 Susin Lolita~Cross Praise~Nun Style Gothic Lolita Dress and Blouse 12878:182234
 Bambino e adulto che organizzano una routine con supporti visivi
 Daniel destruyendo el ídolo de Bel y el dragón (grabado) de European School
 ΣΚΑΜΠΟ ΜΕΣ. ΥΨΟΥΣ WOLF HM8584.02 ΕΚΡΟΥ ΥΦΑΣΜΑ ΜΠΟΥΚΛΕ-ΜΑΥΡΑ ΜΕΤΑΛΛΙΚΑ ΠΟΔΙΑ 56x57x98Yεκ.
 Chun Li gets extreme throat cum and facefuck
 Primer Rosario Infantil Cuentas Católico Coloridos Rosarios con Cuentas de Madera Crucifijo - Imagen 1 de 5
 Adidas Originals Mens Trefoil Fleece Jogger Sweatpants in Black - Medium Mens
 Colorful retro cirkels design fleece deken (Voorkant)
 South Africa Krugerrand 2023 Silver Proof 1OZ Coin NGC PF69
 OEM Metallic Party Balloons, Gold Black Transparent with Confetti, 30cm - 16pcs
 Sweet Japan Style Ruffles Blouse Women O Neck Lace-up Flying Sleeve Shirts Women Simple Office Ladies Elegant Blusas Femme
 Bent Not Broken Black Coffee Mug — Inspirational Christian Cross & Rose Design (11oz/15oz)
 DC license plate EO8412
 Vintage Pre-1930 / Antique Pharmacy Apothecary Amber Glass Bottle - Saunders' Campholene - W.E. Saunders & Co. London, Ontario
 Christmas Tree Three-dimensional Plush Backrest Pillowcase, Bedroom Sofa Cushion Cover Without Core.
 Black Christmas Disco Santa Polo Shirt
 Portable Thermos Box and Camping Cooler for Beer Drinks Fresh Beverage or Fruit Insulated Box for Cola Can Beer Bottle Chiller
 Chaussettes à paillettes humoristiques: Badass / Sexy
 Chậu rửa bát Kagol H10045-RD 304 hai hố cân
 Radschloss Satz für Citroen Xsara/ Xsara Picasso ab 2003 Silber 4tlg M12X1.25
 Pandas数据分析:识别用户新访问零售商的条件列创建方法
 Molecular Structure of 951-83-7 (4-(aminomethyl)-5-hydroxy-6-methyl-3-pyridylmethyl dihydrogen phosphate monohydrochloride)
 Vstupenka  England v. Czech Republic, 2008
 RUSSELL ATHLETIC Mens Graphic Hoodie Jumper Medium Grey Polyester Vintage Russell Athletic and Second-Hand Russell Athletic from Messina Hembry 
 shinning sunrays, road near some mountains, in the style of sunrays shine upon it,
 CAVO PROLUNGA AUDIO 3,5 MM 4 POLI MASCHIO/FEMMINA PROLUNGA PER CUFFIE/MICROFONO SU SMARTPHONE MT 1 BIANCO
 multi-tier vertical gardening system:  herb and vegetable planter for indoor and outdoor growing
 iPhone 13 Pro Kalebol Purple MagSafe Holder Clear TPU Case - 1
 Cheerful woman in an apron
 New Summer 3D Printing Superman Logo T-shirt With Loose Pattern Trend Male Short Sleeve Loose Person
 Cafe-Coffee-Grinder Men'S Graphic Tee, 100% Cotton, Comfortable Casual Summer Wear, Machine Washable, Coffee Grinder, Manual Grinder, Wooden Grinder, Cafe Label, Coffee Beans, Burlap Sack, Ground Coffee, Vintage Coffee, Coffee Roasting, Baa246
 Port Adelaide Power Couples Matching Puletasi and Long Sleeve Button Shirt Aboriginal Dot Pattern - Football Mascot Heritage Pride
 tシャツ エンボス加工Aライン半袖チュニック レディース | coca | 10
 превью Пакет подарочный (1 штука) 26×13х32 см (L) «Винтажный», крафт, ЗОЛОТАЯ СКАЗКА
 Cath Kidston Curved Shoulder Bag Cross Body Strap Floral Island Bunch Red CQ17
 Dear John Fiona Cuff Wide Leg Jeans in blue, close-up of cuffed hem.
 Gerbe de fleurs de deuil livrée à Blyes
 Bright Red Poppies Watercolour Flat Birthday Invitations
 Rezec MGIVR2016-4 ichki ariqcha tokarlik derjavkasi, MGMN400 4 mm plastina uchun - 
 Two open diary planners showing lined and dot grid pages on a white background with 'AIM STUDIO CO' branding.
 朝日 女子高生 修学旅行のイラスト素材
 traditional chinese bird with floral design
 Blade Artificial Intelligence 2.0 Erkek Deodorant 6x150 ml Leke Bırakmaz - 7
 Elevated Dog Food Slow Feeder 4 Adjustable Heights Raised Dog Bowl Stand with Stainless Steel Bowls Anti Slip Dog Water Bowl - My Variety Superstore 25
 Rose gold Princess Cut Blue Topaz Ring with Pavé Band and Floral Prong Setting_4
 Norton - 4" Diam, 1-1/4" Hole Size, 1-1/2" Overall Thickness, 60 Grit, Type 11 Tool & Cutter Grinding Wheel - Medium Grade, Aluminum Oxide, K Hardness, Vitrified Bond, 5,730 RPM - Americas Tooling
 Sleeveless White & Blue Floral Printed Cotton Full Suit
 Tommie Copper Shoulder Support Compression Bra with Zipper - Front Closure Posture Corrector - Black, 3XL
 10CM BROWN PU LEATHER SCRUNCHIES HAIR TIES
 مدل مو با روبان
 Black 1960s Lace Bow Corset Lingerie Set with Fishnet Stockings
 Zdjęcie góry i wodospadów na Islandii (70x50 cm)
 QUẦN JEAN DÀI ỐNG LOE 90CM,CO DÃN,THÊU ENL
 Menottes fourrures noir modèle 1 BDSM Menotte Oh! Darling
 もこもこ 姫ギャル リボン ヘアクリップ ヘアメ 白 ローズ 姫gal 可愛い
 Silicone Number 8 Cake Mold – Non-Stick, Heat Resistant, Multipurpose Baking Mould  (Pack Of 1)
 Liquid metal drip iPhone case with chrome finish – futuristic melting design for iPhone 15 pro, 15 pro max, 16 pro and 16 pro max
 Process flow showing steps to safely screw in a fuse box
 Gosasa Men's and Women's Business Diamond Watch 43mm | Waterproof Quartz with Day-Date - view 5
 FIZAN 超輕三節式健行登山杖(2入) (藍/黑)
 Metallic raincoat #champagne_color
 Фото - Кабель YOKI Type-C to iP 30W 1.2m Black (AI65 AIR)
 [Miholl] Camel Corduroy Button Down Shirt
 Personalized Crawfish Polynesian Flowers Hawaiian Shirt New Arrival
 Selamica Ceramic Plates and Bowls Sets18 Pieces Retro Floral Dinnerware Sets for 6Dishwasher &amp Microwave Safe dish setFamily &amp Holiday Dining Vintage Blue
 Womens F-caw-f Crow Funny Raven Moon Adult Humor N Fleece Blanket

_Task details_.
How many lines in the records contain the word "Cotton"? Answer with the number alone.

_The completed task_.
2